Cluster ledger items by root cause before coding. Fix in this order unless a user instruction or dependency requires otherwise:

Merge conflicts, stale branch state, and base drift.
Deterministic CI, build, typecheck, formatting, and test failures.
Confirmed correctness, security, data-loss, persistence, git/write-safety, and permission issues.
Test gaps needed to prove confirmed fixes.
Docs, release notes, PR body, and migration guidance.
Reviewer communication and closure summaries.

For each cluster, record:

ROOT-001 | ledger items: FB-001, FB-004 | files | fix approach | tests | docs | risk

Do not make scope decisions yourself. If the right fix depends on product intent or compatibility policy, mark the item NEEDS_USER_DECISION and ask.

Implementation Rules

Patch only confirmed or partial items, plus required tests/docs.
Do not implement speculative cleanup while feedback remains unclosed.
Never ship unwired code. Any new command, tool, skill, config, docs surface, or generated artifact must be fully registered and validated.
Never defer work or declare it out of scope without explicit user instruction.
Keep invalid or disproved findings in the closure ledger with the evidence.
For CI failures, verify the failing job belongs to the current PR head before treating it as current evidence.
For generated output or dist failures, inspect the failing log before rebuilding and commit regenerated files only when the PR touches the source surface.
When main has a merge queue enabled, do not rebase or force-push a PR only because main advanced. Once required checks and review are green, queue the PR and let the merge queue perform final current-base validation. Still resolve real merge conflicts and SHA-dependent review threads before queuing.

Validation

Run targeted validation for every changed surface:

exact failing CI/test command when reproducing a failure,
tests for changed behavior or newly covered gaps,
lint/format/typecheck/build where relevant,
git diff --check,
PR metadata checks after push: head SHA, check status, mergeability/conflicts, and unresolved feedback state.
After conflict fixes, verify remote mergeability is clean (MERGEABLE / CLEAN), not only that local conflict markers disappeared.
For current-head CI, prefer run-level details when PR checks look stale: gh run view <run-id> --json headSha,status,conclusion,jobs,url.

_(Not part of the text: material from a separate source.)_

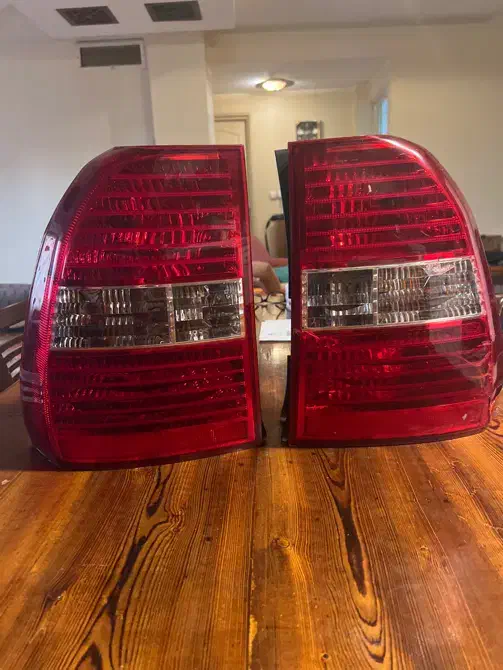 چراغ خطر اصلی اسپورتیج|قطعات یدکی و لوازم جانبی|کرج, عظیمیه|دیوار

If a validation failure is suspected pre-existing, prove it on the base branch or label it UNVERIFIED. Do not call the branch green while required checks are non-green.

Publishing And Communication

After fixes, update the PR body or comment with a closure ledger:

FB-001 | fixed | commit/test evidence
FB-002 | disproved | code evidence
FB-003 | pre-existing | base-branch evidence
FB-004 | needs user decision | decision required
FB-005 | needs more evidence | .swarm/evidence/phase-council.json missing
CONFLICT-001 | fixed | remote mergeability is MERGEABLE/CLEAN
CI-001 | fixed | current-head check/run evidence

Do not resolve GitHub review threads unless explicitly instructed. If instructed, resolve only threads whose ledger item is fixed or disproved on the pushed PR head, and record the exact evidence used.

Final Output

Report:

intake sources checked and unavailable sources,
ledger counts by status,
root-cause clusters fixed,
tests and commands run,
unresolved user decisions,
CI/mergeability state,
whether review-thread resolution was skipped or explicitly performed.

End with a complete ledger mapping every original item to its outcome.